Sektor pertanian dan pangan dianggap sebagai sektor yang paling rentan, karena harus menghadapi persaingan langsung dengan produk impor seperti kedelai, jagung, serta daging dari Amerika Serikat yang masuk tanpa bea dan dalam jumlah besar.
Risiko Keuangan dan Pengaruh terhadap Kestabilan Makro
Selain pembukaan pasar, Syafruddin menyoroti beban tambahan akibat komitmen pembelian produk-produk Amerika Serikat dalam jumlah besar, termasuk pembelian energi sebesar 15 miliar dolar AS, impor produk pertanian senilai 4,5 miliar dolar AS, serta pembelian 50 pesawat Boeing.
"Apakah pembelian pesawat Boeing benar-benar bagian dari strategi modernisasi, atau justru akan memberatkan APBN dan BUMN penerbangan kita yang sedang berupaya pulih?" tanyanya.
Menurutnya, skema ini lebih mirip dengan paket pembelian yang sepihak dibandingkan kerja sama perdagangan yang adil.
Selain itu, ketidakseimbangan perdagangan ini dikhawatirkan dapat menimbulkan tekanan terhadap nilai tukar rupiah, meningkatkan impor yang berdampak pada inflasi, serta menyebabkan fluktuasi harga bahan pokok. Dalam situasi demikian, pemerintah akan diharuskan memberikan subsidi tambahan untuk mengurangi dampak sosial dan mempertahankan daya beli masyarakat.

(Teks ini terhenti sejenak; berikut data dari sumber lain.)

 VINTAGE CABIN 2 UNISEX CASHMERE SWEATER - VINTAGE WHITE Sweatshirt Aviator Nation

"Kebijakan fiskal dan moneter akan menghadapi tantangan berat. Ruang gerak menjadi terbatas, sementara stabilitas makro merupakan dasar penting untuk pemulihan ekonomi yang berkelanjutan," katanya.
Syafruddin menegaskan bahwa Indonesia perlu berhati-hati dalam merancang strategi perdagangannya, khususnya ketika menghadapi kekuatan ekonomi besar seperti Amerika Serikat.

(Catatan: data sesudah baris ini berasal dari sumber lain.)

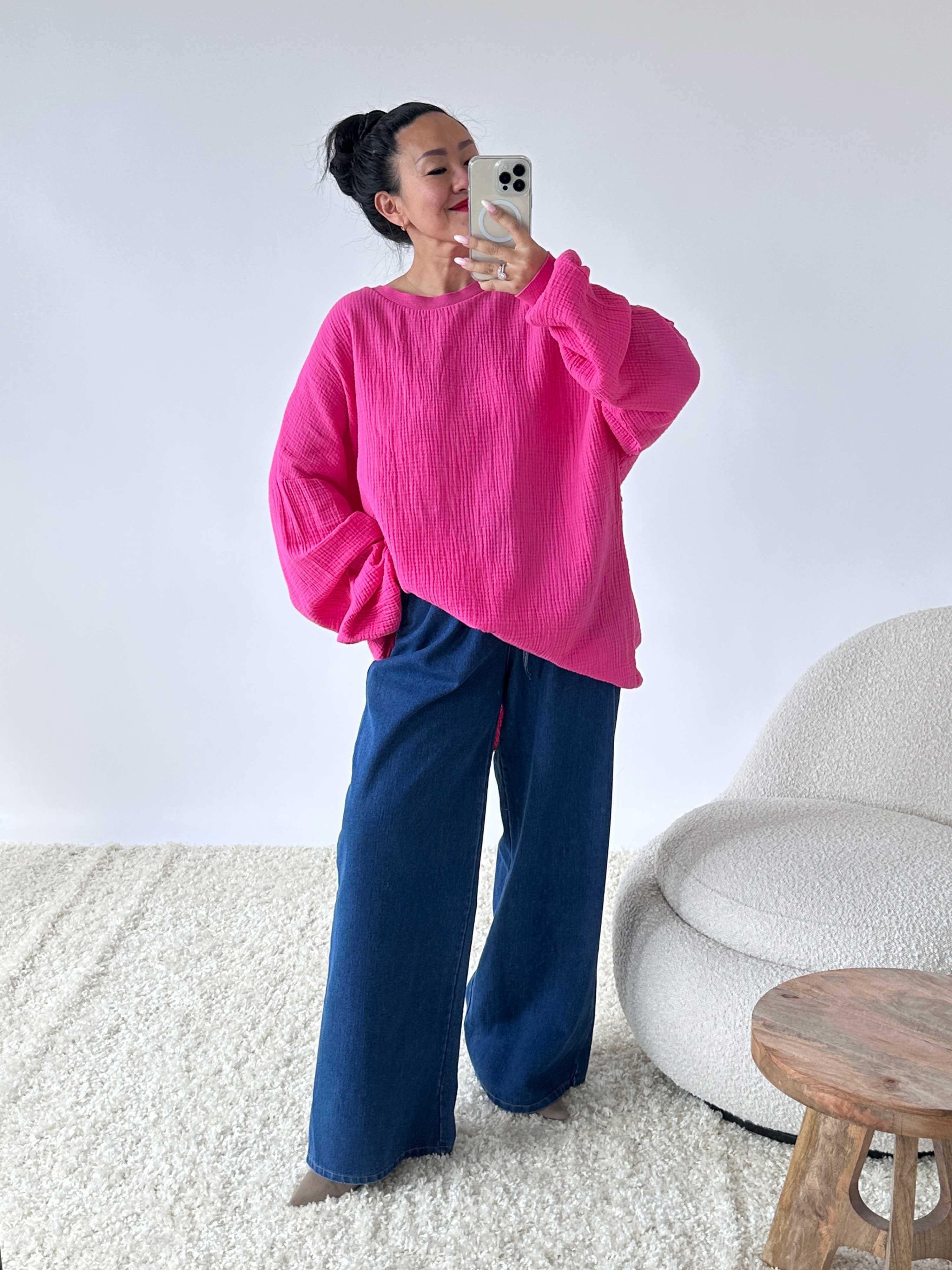 Musselin Oversize Sweatshirt - Pink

"Perjanjian perdagangan yang tidak seimbang tidak hanya merugikan sektor industri dan perdagangan, tetapi juga berpotensi mengurangi stabilitas ekonomi secara keseluruhan dalam jangka menengah. Indonesia tidak boleh hanya menjadi pasar. Kita perlu menjadi mitra perdagangan yang setara," ujarnya.